The N Iraq deployment area is relatively
safe But as benevolent as soldiers dedicated to
reconstruction sounds, this noble objective is unlikely
to be met. Putting aside the fact that reconstruction
cannot be effectively implemented before local security
has been achieved, the location of South Korea's planned
troop dispatch requires little reconstruction. It is in
the far north of Iraq in areas that have been under
Kurdish control since the end of the first Gulf War in
1991. Likely locations for Korea's 3,000 troops are
Irbil and Sulaimaniya, areas far beyond Saddam Hussein's
supporters' effective reach, and as such, area that were
not targeted in bombing campaigns last spring. Both are
presently secured by only 300 US troops.
In
times of battle, half-hearted allies can be worse than
non-allies. If South Korea, after much indecision and
hand wringing, decides to "honor" its promise in a
strictly perfunctory manner, as seems likely, the result
will be greater headaches for the US command in Iraq
than no participation at all. If South Korea commits
combat troops but decides that they will maintain only a
small, isolated pocket of sparsely populated land in the
far north, the net effect of their contribution of
3,000, would be the freeing of only 300 US combat troops
for other areas - a grossly inefficient exercise.
There is another factor beyond South Korea's
propensity to involve itself in international efforts
only when assured that the pay-off will exceed the
contribution many fold - South Korea's participation in
the Vietnam conflict comes immediately to mind - and
that is cost. South Korea spends less than 3 percent of
its gross domestic product (GDP) on defense, a fact that
is painfully obvious to anyone who happens by its
infantry camps, or who has witnessed the dilapidated
equipment South Korea's rank and file soldiers are
assigned.

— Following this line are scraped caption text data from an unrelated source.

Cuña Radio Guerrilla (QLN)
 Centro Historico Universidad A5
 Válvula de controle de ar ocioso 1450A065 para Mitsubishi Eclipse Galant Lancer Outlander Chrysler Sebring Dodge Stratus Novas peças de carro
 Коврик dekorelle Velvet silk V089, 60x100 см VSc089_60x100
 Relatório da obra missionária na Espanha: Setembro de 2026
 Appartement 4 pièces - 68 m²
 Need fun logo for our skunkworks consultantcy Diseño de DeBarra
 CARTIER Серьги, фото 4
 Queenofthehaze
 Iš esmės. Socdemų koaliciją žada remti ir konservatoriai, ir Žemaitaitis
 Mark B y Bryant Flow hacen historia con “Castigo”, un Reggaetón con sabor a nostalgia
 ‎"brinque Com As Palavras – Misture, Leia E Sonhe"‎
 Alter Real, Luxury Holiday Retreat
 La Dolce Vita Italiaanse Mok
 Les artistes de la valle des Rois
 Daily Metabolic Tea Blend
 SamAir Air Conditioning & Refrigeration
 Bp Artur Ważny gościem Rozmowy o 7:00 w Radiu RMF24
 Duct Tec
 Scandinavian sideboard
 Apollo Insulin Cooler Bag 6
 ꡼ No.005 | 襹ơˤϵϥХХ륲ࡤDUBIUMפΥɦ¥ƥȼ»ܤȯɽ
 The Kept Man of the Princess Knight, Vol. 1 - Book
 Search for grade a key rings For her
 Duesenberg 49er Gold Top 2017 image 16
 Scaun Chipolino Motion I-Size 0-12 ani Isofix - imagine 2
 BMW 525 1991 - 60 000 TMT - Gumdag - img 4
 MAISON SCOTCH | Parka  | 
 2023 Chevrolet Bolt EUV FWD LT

Maintaining 3,000 troops more than 7,000
kilometers away from South Korea will require a
tremendous outlay of resources - resources that would be
better used to upgrade and re-focus its own domestic
defenses.
The re-deployment of 3,600 US troops
from South Korea may be just the beginning. The return
date for these troops has also not been set, and some
analysts believe this could well be a one-way trip out
of the country. President Roh's belief in domestic and
foreign policies independent of the United States
requires a more Korea-centric approach to defense and
military matters. The original agreement to dispatch
troops was made not out of any belief in a "50-year
blood relationship between the ROK and the US", as is
sometimes articulated by officials from both countries
old enough to recall the Korean War (1950-53), but out
of concern that to appear less than a supportive US ally
would weaken America's resolve to maintain the
perception of a strong bi-national defense, effectively
undermining a central pillar of economic stability in
South Korea.
(The US maintains about 37,000 troops
in South Korea, mostly in Seoul, and a roughly equal
number of dependents, contractors and related personnel.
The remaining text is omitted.